WHAT THIS TASK INVOLVES:
Rewrite the full material exactly; no line may be skipped.
======== THE DATA ========
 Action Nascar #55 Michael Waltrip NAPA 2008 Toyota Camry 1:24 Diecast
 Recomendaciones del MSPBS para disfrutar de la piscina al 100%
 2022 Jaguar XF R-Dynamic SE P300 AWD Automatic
========
THE COMPLETED TASK:
 Action Nascar #55 Michael Waltrip NAPA 2008 Toyota Camry 1:24 Diecast
 Recomendaciones del MSPBS para disfrutar de la piscina al 100%
 2022 Jaguar XF R-Dynamic SE P300 AWD Automatic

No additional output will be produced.